SANTA CLARA, California, April 3, 2026, 04:04 PDT
Intel Corp is set to spend $14.2 billion to reacquire Apollo Global Management’s 49% interest in Fab 34, regaining complete control of its Leixlip, Ireland chip facility. Shares finished late Thursday at $50.38, up 4.9%—this on top of an 8.8% surge the previous day.
Timing is key here: Intel is regaining control of the Leixlip facility right as server CPU demand picks up, fueled by their role in AI acceleration and inference—when models spit out answers. The company will post first-quarter earnings on April 23.
Chief Financial Officer David Zinsner put it simply: “Today, we have a stronger balance sheet.” Intel expects the buyback to boost ongoing earnings per share and improve its credit profile starting in 2027. Newsroom
Back in 2024, Apollo put down $11.2 billion for its stake, stepping in as Intel sought funds to ramp up factory builds across Europe and the U.S.—all without stretching the balance sheet further. For the buyback, Intel’s pulling from its available cash and lining up roughly $6.5 billion in fresh debt.
Fab 34, Intel’s semiconductor plant in Ireland, turns out chips using Intel 4 and Intel 3 processes—think Core Ultra for PCs, Xeon 6 for servers. Ireland isn’t losing its spot as a key part of Intel’s plans, according to the company.
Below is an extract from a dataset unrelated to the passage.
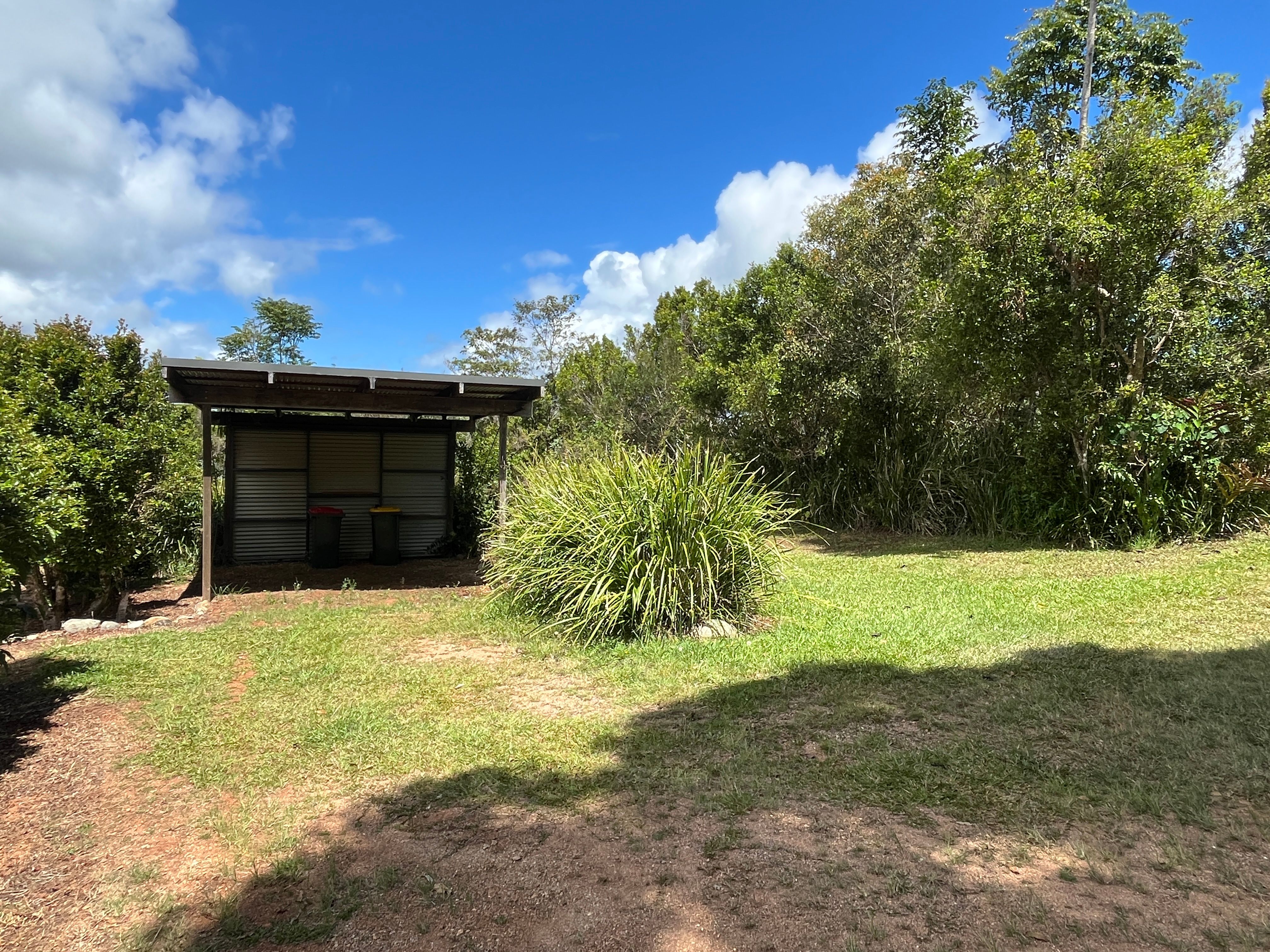 18 Russell Road West — photo 13 of 17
The deal comes as Chief Executive Lip-Bu Tan shakes up Intel’s manufacturing strategy. Back in March, execs revealed that Intel’s 18A technology—previously slated mostly for in-house production—could be back on the table for external clients.
Not much has shifted on the competitive front. Intel is still in the hunt for foundry contracts in a space where TSMC dominates, and its server chips keep landing next to Nvidia’s top-selling graphics processors. The PC segment remains squeezed by AMD’s challenge. Reuters previously reported that several older Intel PC chips ended up being manufactured mostly by TSMC.
Recent analyst sentiment has shifted positive. UBS’s Timothy Arcuri pointed to the buyback as a show of confidence in Intel Foundry. D.A. Davidson’s Gil Luria sees the decision as a good sign for the turnaround story. Over at Gabelli Funds, Ryuta Makino remarked back in January that the near-term setup for Intel was the strongest it had looked in years.
The financing brings fresh scrutiny. Fitch stuck with its BBB/F2 investment-grade ratings on Intel after the news, but the outlook remains negative, and the company continues to grapple with 18A yield problems — yield refers to the portion of usable chips per silicon wafer, and low yields will squeeze margins.
April 23 is the next scheduled update. Investors want sharper signals on AI-driven server demand, cash burn, and how Tan plans to translate leaner spending and a more focused manufacturing strategy into more consistent profits.